Lockheed Martin Stock Analysis: Is it a good buy?

In a time when you have some excess cash. And want to find some stable companies to park your funds temporarily, while you hunt for value investments. Then perhaps you can consider our Lockheed Martin stock analysis today.

Well, the company is far from being the best investment opportunity. It is not undervalued at the moment per se. But it offers a strong combination of value and dividend yield, apart from it being a stable and reliable business.

The defense business is something that nations will have to spend.
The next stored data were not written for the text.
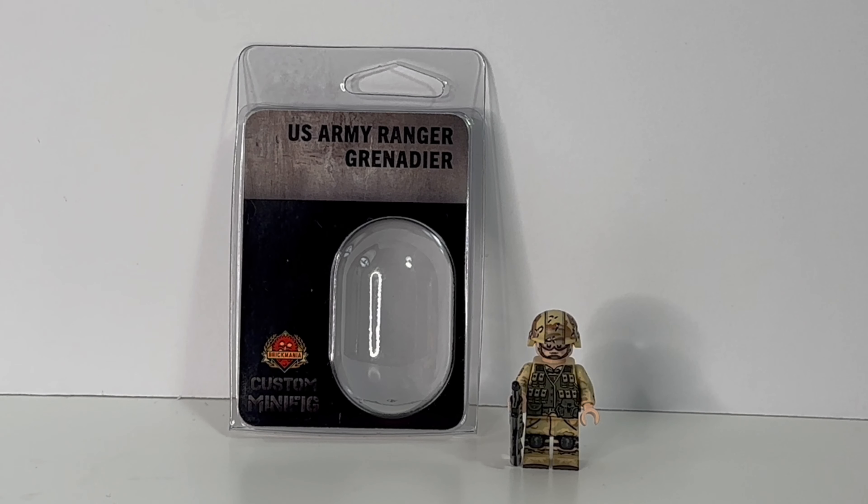Hello, welcome back to another Brickmania review video. Today we're going to be looking at the US Army Ranger Grenadier. This is another continuation of the Brickmania Blackhawk Down series I've been doing on this channel, and the second of three Mogadishu Ranger CMFs they have released.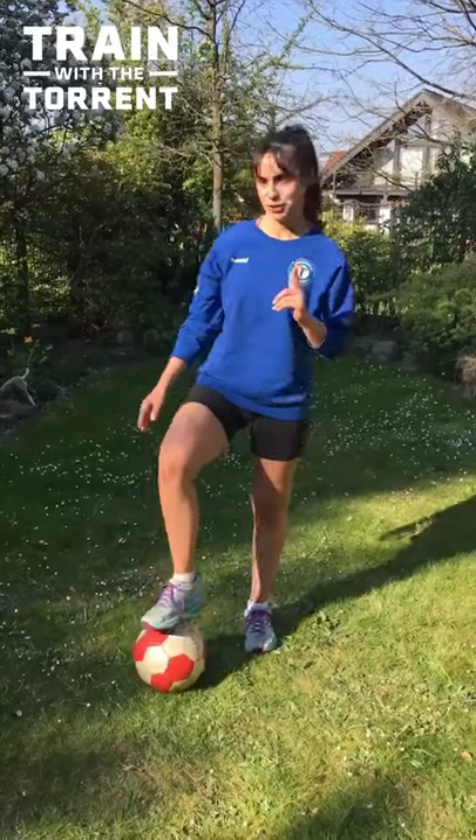Hey, this is Marisol Grünke, and I would like to show you one of my favorite tricks, which is called around the world. So let me first show you the trick.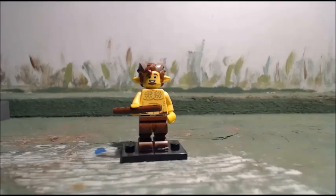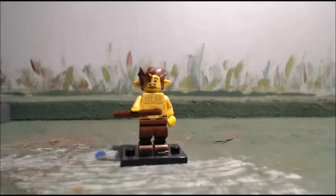He looks pretty cool — cool legs, cool torso, cool hair piece, and even a cool stick part there.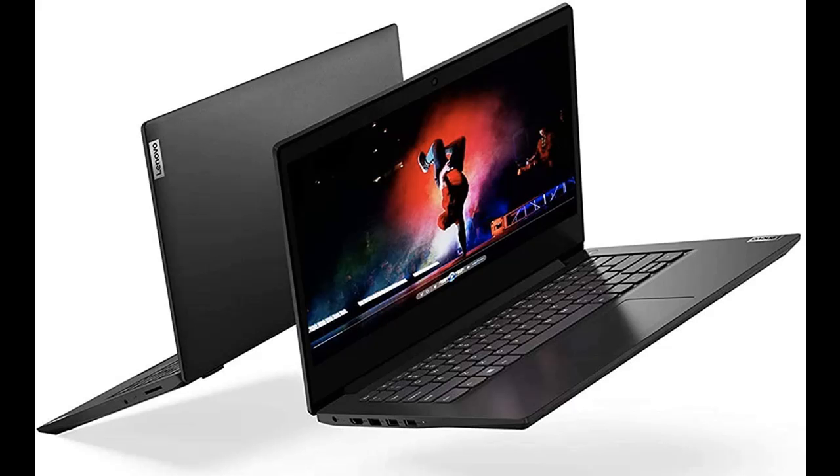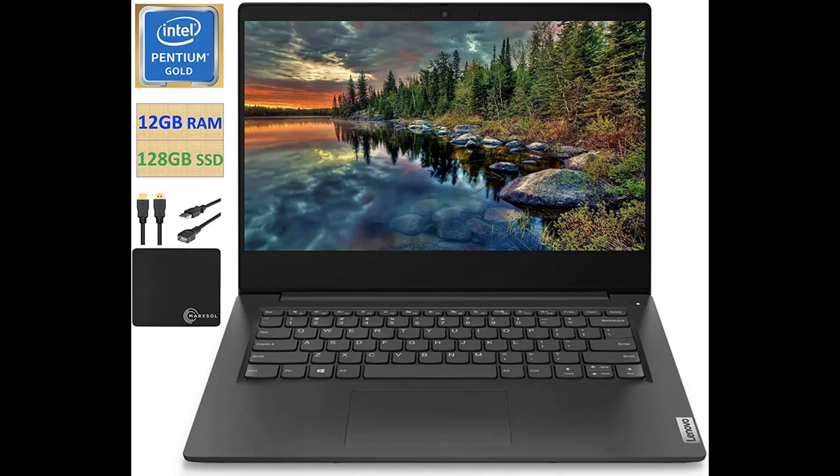12 GB DDR4 2400 SDRAM memory. Hard drive: 128 GB M.2 PCIe NVMe solid state drive.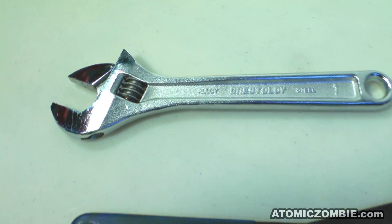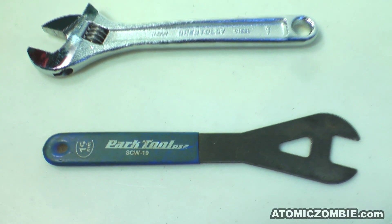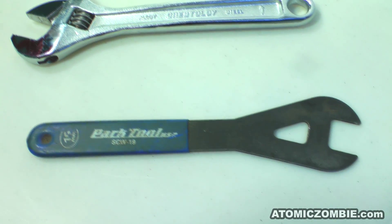To disassemble the bearing components, you will need two wrenches: a standard wrench and a cone wrench, which is a fixed wrench with a very narrow profile.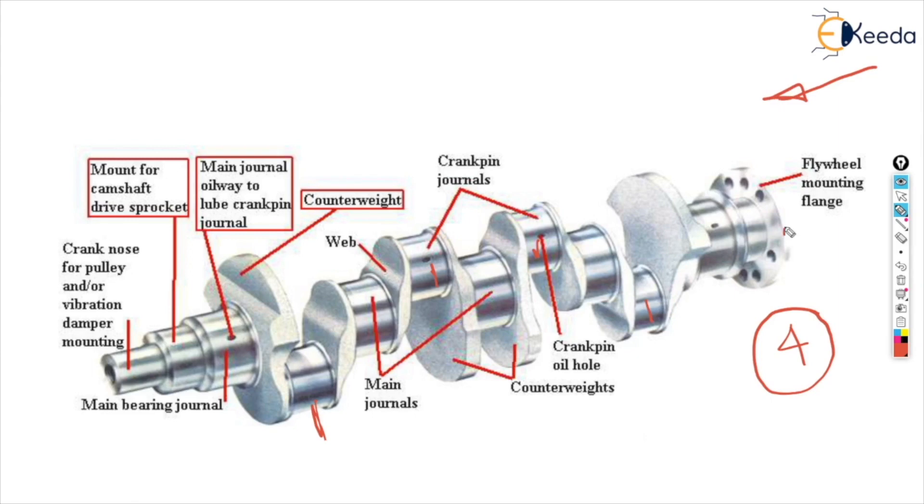Here we have a flywheel mounted on this flange. After that, here you can see there is a space for a bearing, as it is a much smoother one. This is the place where the bearing is mounted. After that, there are similar places for more bearings. Next we have a crank pin oil hole. And these additional weights, as you can see, are called counter weights or balance weights.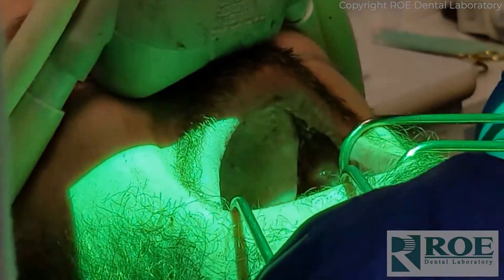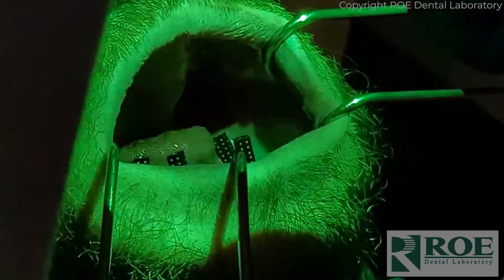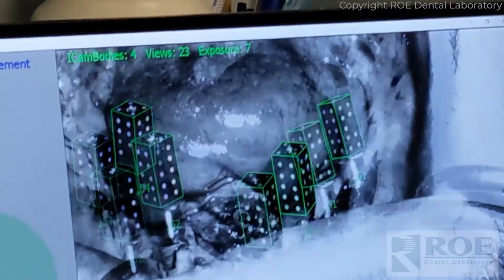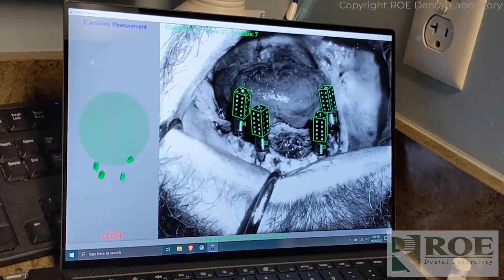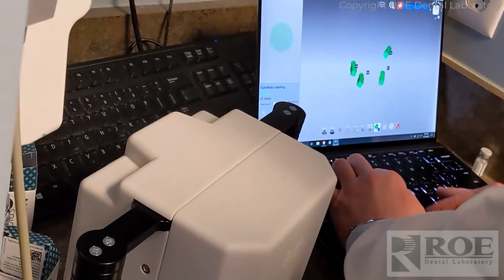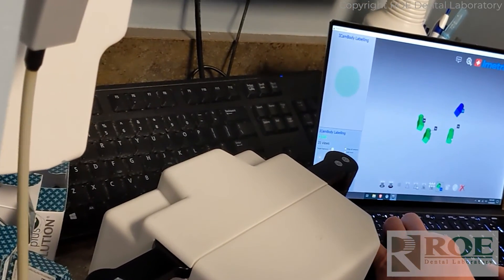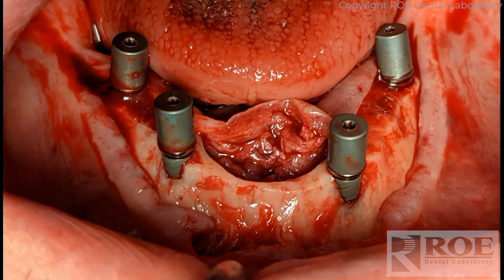In case you haven't seen the process — the scan bodies are screwed into the MUAs, and then using the ICAM scanner, the scanner will identify the domino-shaped scan bodies in the mouth. It will identify them perfectly. It's a perfect reference, and the doctor will use some software to register those scan body references to the scan refs.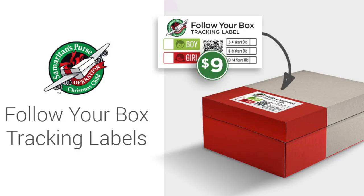If you pay online like we did, you actually get a tracking label just like this. You get to choose if you want it to go to a boy or a girl, and then you mark the age range: two to four years old, five to nine years old, or ten to fourteen years old. Mine is for a boy, five to nine years old, and Jessica's is for a girl, two to four. This is an awesome opportunity to help kids experience a Christmas sort of like we do here in the United States — we are blessed — and this is a chance to give back and give another child that opportunity.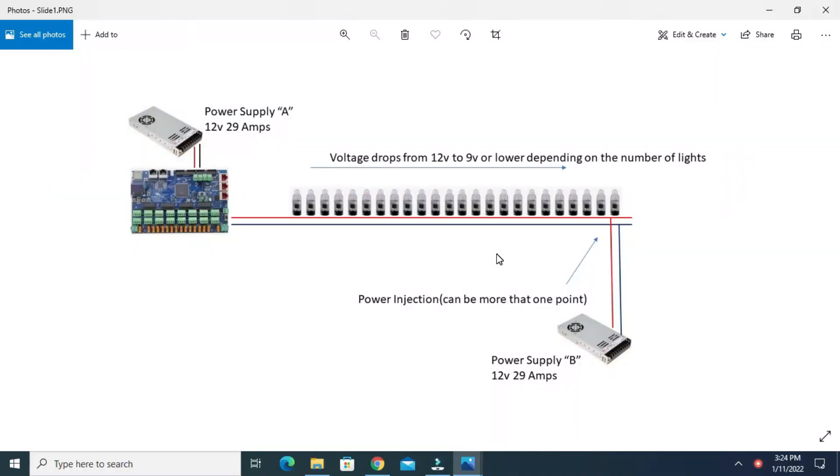Having two power supplies with positives connected, negatives connected, and now an extra power supply in the controller — is that going to be an issue or not? I did a lot of research, watched a lot of videos, read a lot, and came to the conclusion that there are two schools of thought when it comes to power injection. So here we have the same layout as the initial demo: a power supply powering the Falcon controller, and a second power supply injecting power to the string of lights. We all know we need power injection because voltage is going to drop as the pixels burn through current, and there could be more than one injection point.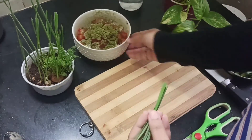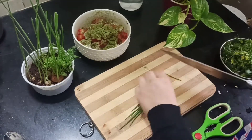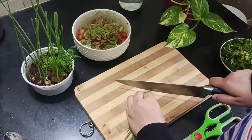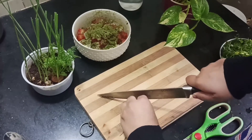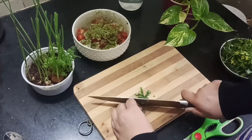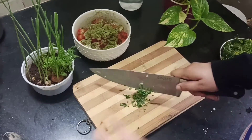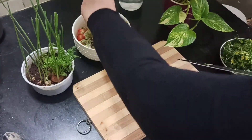I like garlic chives so I'm adding those. You can even add lemon juice — roughly one teaspoon to the entire mixture — just to give that nice tanginess. I don't like it too sour so I'm skipping it. Followed by the chives, I'm gonna add some coriander and then mix everything together.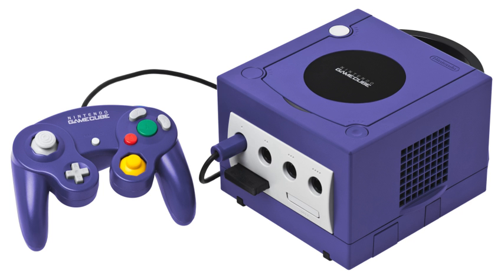The VGA cable is created from a modified component or D-terminal cable. It allows the GameCube to play on a standard computer monitor in 480p.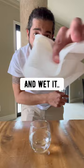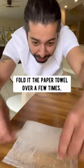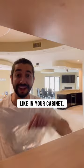Then grab a piece of paper towel and wet it. Put it down on the counter, put the lemon seed on top — thank you little baby seed! Fold the paper towel over a few times, then place it in a ziplock bag and put it somewhere dark, like in your cabinet.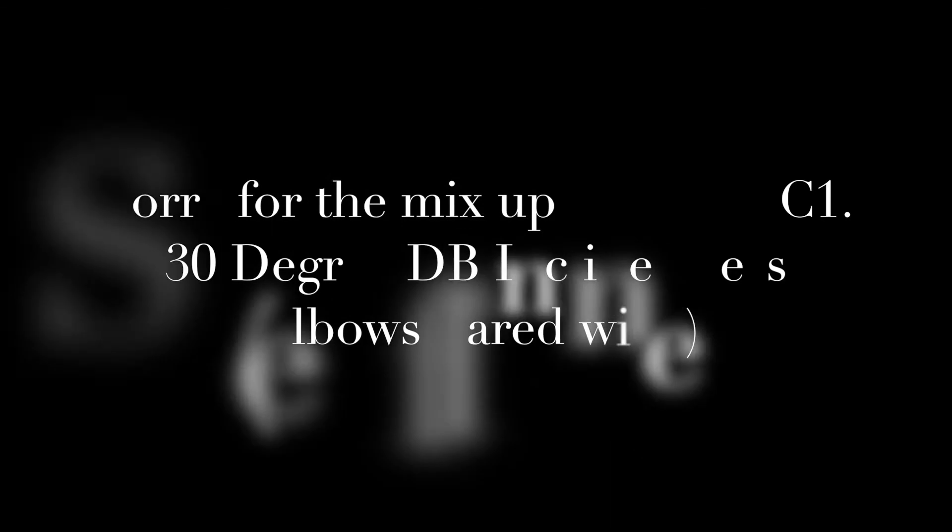Now we're going to get into the metabolic stress stuff — the pump stuff you've probably been expecting. I apologize this clip got lost in the shuffle, but the next series is going to be a three-part series — I'm just missing the first exercise, but the other two are here. You do three exercises in a tri-set format, all in a row back to back with no rest. After the third exercise, rest for 90 seconds and repeat for three rounds through the circuit.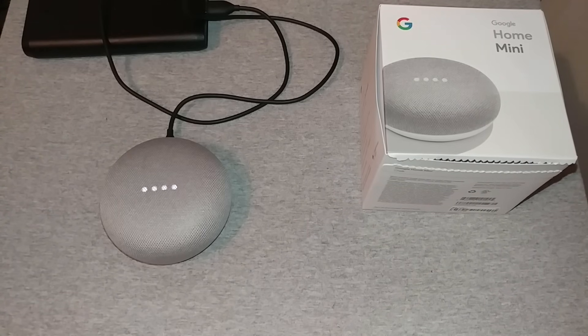Welcome to Google Home. To get started, download the Google Home app on a phone or tablet. So that's all there is to it. You can say 'Hey Google' and it responds that your Google Home isn't set up yet, and prompts you to download the Google Home app.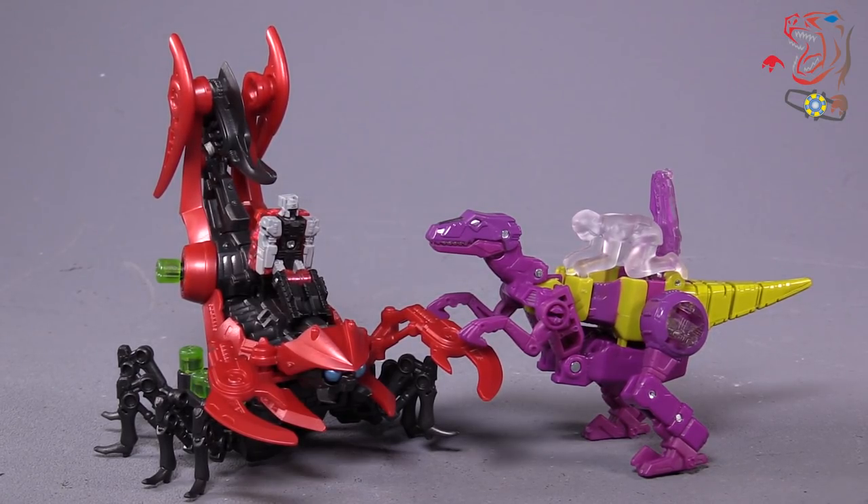Let me know what you think of the figure down in the comments. Hit that like and subscribe button, and be sure to ring the bell so you know when a new video is up. As always, I am Bolt Matrix, and I will catch you next time.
Unlikely it be disrupted to a great extent within a short period of time. It is an investment that you can probably sleep well at night.

Business Overview: Lockheed Martin Stock Analysis

Lockheed Martin is one of the largest defense contractors with more than $100 billion market cap currently.

As a global security and aerospace company, it offers a whole range of products and services including research, design, development, manufacture, integration and sustainment of technology systems.

Lockheed Martin serves both U.S and international customers. However, their principal customers come mainly from the agencies of the U.S government.

In 2020 itself, 74% of the $65.4 billion net sales recorded came from the U.S government. 25% were from international customers (including foreign military contracted through the U.S government). And 1% were from U.S commercial and other customers.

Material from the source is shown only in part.